## DIRECTIONS
From the first line down to the one containing "透明 KMC カードスリーブトレーディングカードスリーブバリアボードゲームカードインナープロテクター", reproduce the entries below exactly and leave out the pictures.

Short descriptive text snippets:

------------------------------

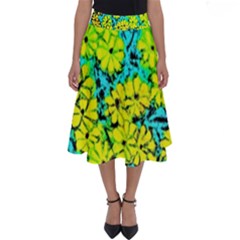 Chrysanthemums Perfect Length Midi Skirt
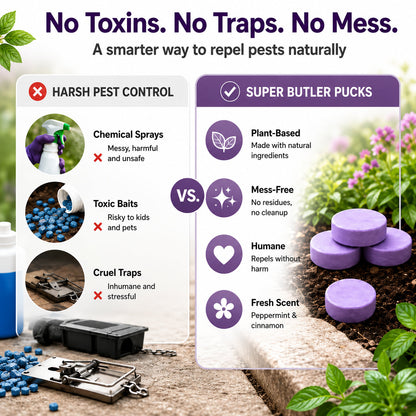 🔥Hot Sale 50% OFF🔥✅ 10,000+ Happy Customers 🐭 All-Natural Peppermint & Cinnamon Pest & Rodent Repellent Pucks 🕷️🐍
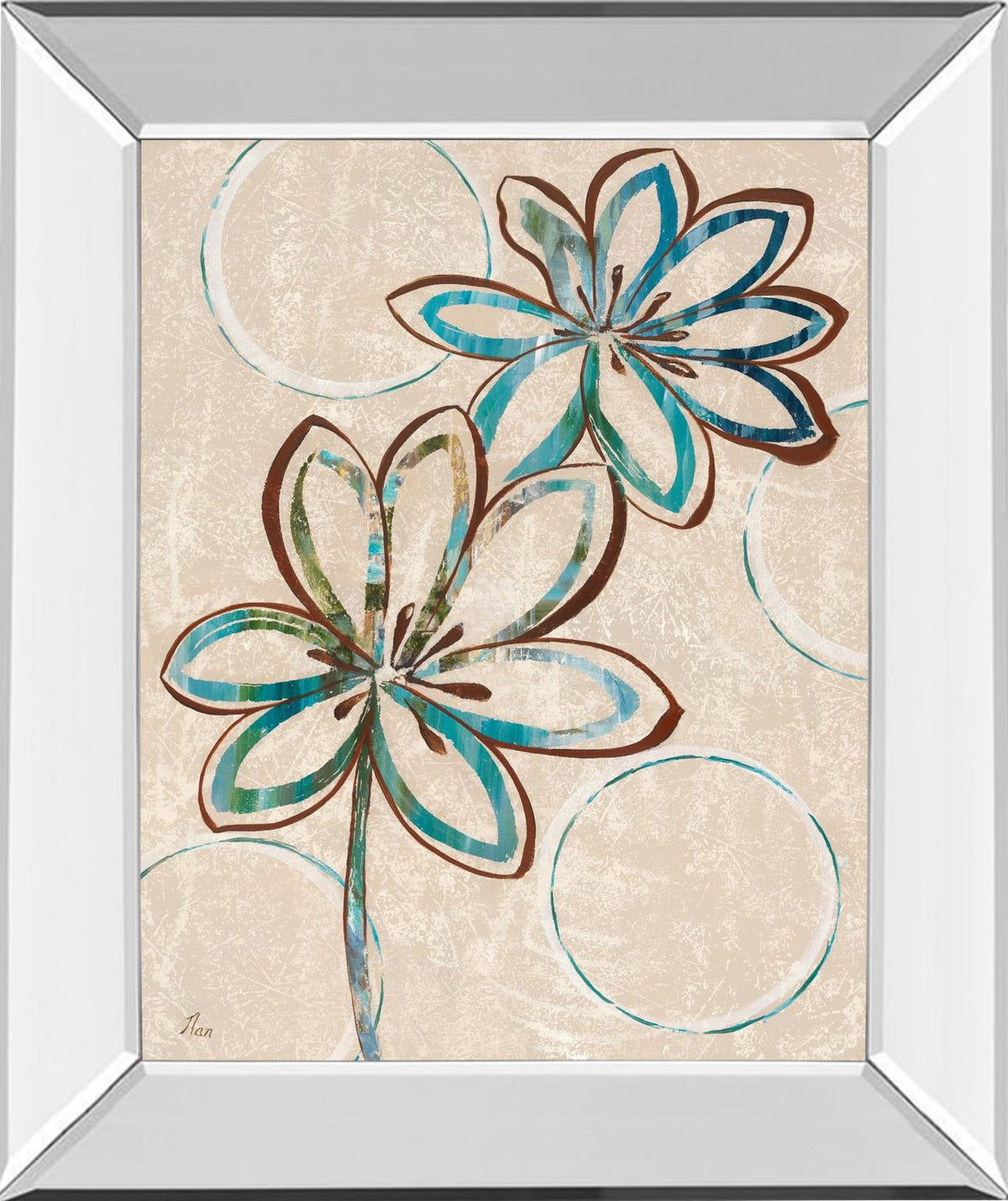 Mirrored Frame Tie Dye I By Nan 22X26 Mirror Frame Print
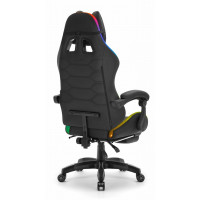 Комп'ютерне крісло Hell's HC-1039 LED RGB (тканина)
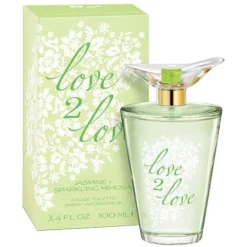 Love2Love Jasmine + Sparkling Mimosa Eau De Toilette 100 Ml Spray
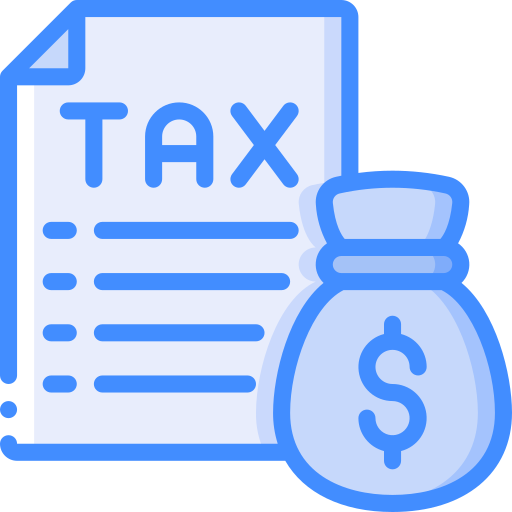 impôt Basic Miscellany Blue Icône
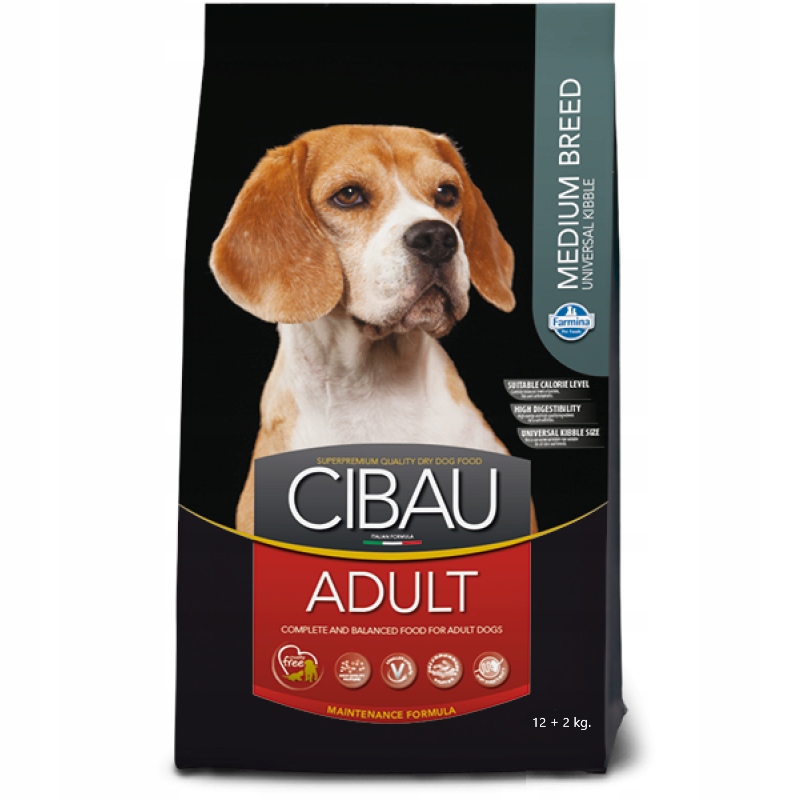 Cibau Medium Adult 12KG+2KG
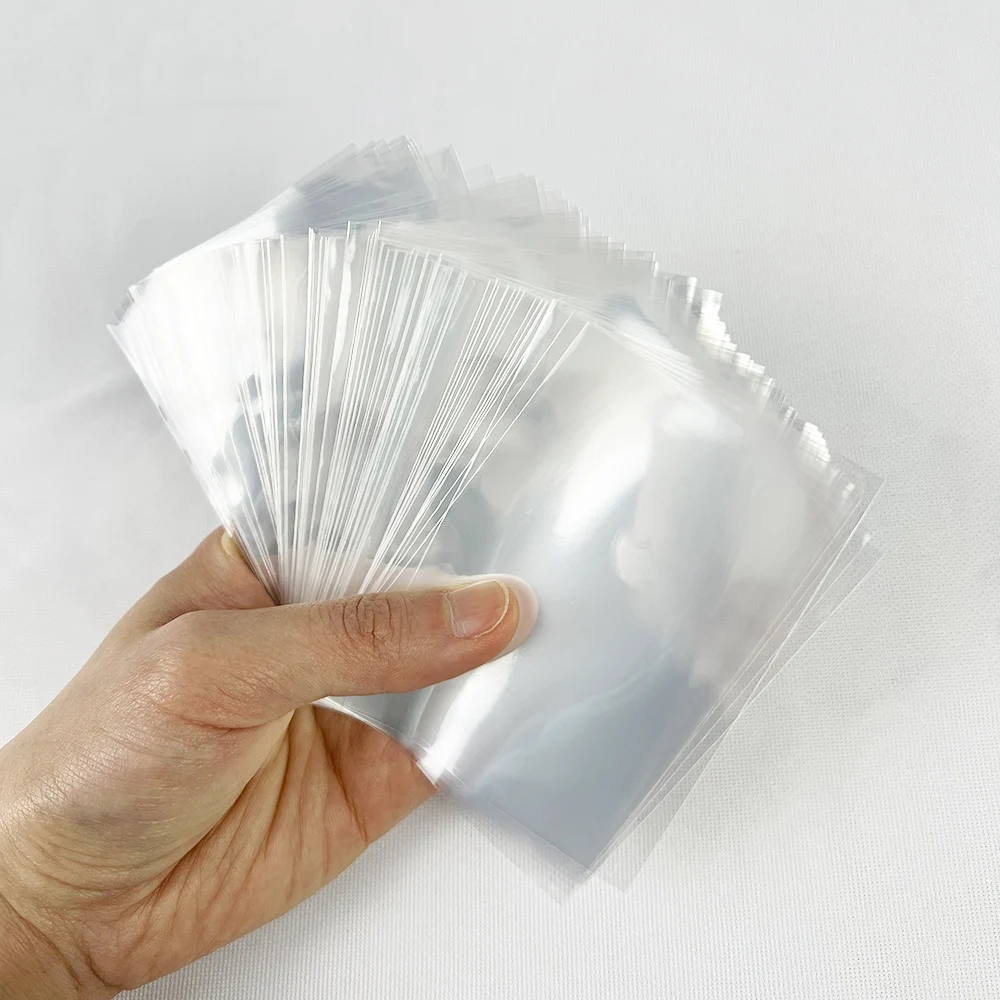 透明 KMC カードスリーブトレーディングカードスリーブバリアボードゲームカードインナープロテクター MTG/YGO 64x89mm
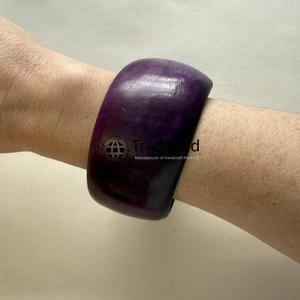 Bohemian Style <b>Wooden</b> <b>Bangles</b> Set for Women and Girls by Tradebyd - Product Image 1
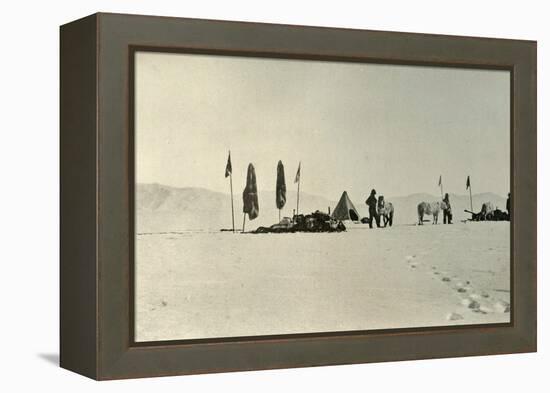 'The Camp After Passing the Previous Farthest South Latitude', November 1908, (1909)-Unknown-Framed Premier Image Canvas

------------------------------

## REPLY
 Chrysanthemums Perfect Length Midi Skirt
 🔥Hot Sale 50% OFF🔥✅ 10,000+ Happy Customers 🐭 All-Natural Peppermint & Cinnamon Pest & Rodent Repellent Pucks 🕷️🐍
 Mirrored Frame Tie Dye I By Nan 22X26 Mirror Frame Print
 Комп'ютерне крісло Hell's HC-1039 LED RGB (тканина)
 Love2Love Jasmine + Sparkling Mimosa Eau De Toilette 100 Ml Spray
 impôt Basic Miscellany Blue Icône
 Cibau Medium Adult 12KG+2KG
 透明 KMC カードスリーブトレーディングカードスリーブバリアボードゲームカードインナープロテクター MTG/YGO 64x89mm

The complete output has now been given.